A central challenge for the United States in coming years will be to
preserve the existing network of transatlantic economic, political,
security and institutional ties even as it adjusts to an enlarged and
more assertive EU. Among other tasks, this will require managing a
complex U.S.-EU economic relationship in which the sheer weight of
cooperative links across the Atlantic intersects with differing
visions of capitalism and approaches to globalization.

Less well recognized, it will also require U.S. policymakers to deal
with the often jarring contrast between the EU's assertive external
posture and its persistent internal divisions. Such divisions are
apparent in the intensifying debate among European politicians about
the "finality" of the integration process, in the Irish electorate's
rejection of the Treaty of Nice, and indeed in the violent anti-EU
demonstrations that increasingly mar the very summits at which
European leaders seek to affirm the continent's unity and resolve
toward the rest of the world. Indeed, it is not too much to say that
the future of U.S.-EU relations depends more on the vicissitudes of
Europe's internal dilemmas than on anything else.

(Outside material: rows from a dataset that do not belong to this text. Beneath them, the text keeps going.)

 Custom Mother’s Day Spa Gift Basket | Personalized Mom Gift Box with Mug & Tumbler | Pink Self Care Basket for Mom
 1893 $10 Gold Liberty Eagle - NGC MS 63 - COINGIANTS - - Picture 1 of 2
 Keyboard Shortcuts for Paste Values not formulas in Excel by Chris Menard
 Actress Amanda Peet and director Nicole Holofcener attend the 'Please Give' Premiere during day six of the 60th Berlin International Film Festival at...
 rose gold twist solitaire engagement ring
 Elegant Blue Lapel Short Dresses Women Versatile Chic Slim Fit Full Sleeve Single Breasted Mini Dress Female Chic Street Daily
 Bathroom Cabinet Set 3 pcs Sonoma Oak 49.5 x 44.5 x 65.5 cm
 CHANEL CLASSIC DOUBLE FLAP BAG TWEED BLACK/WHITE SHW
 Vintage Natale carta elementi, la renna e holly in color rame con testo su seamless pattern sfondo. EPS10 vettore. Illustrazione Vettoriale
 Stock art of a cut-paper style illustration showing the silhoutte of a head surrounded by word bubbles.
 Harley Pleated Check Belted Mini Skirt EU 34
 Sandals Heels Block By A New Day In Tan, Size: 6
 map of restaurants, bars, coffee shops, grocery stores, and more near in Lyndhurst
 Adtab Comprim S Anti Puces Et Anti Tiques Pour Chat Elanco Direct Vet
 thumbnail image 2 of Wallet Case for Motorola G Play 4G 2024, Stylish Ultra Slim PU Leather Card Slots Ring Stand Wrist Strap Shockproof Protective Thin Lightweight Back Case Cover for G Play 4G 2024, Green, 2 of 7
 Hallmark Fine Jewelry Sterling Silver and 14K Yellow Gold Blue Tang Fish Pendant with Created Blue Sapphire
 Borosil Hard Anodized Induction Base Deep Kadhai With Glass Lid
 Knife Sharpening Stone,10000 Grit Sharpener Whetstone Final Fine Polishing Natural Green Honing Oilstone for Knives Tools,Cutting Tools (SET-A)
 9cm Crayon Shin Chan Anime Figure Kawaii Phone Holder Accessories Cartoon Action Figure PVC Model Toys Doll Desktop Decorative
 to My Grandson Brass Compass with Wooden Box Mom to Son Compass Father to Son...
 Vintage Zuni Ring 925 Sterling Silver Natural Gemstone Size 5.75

Europe's Internal Dilemmas

In the fifty years since Jean Monnet began the process leading to
today's EU, Europe generally has avoided divisive debate over the
finality of the integration project. The operating principle has been
to sidestep discussion of ultimate goals and to place trust in
process--in building "an ever closer union among the peoples of
Europe." For the most part, however, European leaders shared certain
key assumptions. Although the 1957 Treaty of Rome specified that all
European countries were eligible for membership, the division of
Europe set geographic limits to expansion. The same division meant
that NATO would remain the pre-eminent security organization in
Western Europe. There was also general agreement about the path that
Europe would take toward union. Although Monnet overestimated the
readiness of national governments to cede powers to Brussels, there
was broad support for his "Community method" in which powers would be
transferred gradually to Brussels. With the passing of the Gaullist
challenge under Mitterrand, only the recalcitrant British and the obstinate
Danes seemed to oppose as a matter of principle the creation
of a federal Europe.

Today, all of these assumptions are invalid. Geographic limits to
expansion have all but disappeared. Thirteen countries are formal
candidates for membership, a number that is certain to grow if
Croatia, Serbia and other Balkan states complete their transitions to
democracy. Other countries that have been mentioned as potential
candidates include Ukraine, Moldova, Belarus, Russia, Georgia,
Azerbaijan, and even Israel.

Second, the role of NATO has been transformed. While Europeans
continue to emphasize NATO's enduring role in collective defense, the
Cold War context that made NATO a vital part of European integration
is gone. The alliance can be expanded and modernized as it has been
in recent years, but it never again can be the institutional
embodiment of a benign American presence watching over the building
of a civilian Europe.

Finally, there is no longer basic agreement about the road to "closer
union." For the last fifteen years, Europe has been engaged in an
almost constant process of institutional debate and reform--one that
is set to continue as the member states ratify the Treaty of Nice (a
process complicated by the vote in Ireland) and prepare for an
intergovernmental conference in 2004 that is supposed to establish a
delineation of Union, national and regional powers. Federalists such
as Commission President Romano Prodi continue to call for
strengthening the EU's central institutions and eliminating the
national veto. But the member states, not least France, have largely
rejected this approach. They are looking to arrangements that deliver
the benefits of integration, including greater global influence,
while preserving the nation-state and its autonomy.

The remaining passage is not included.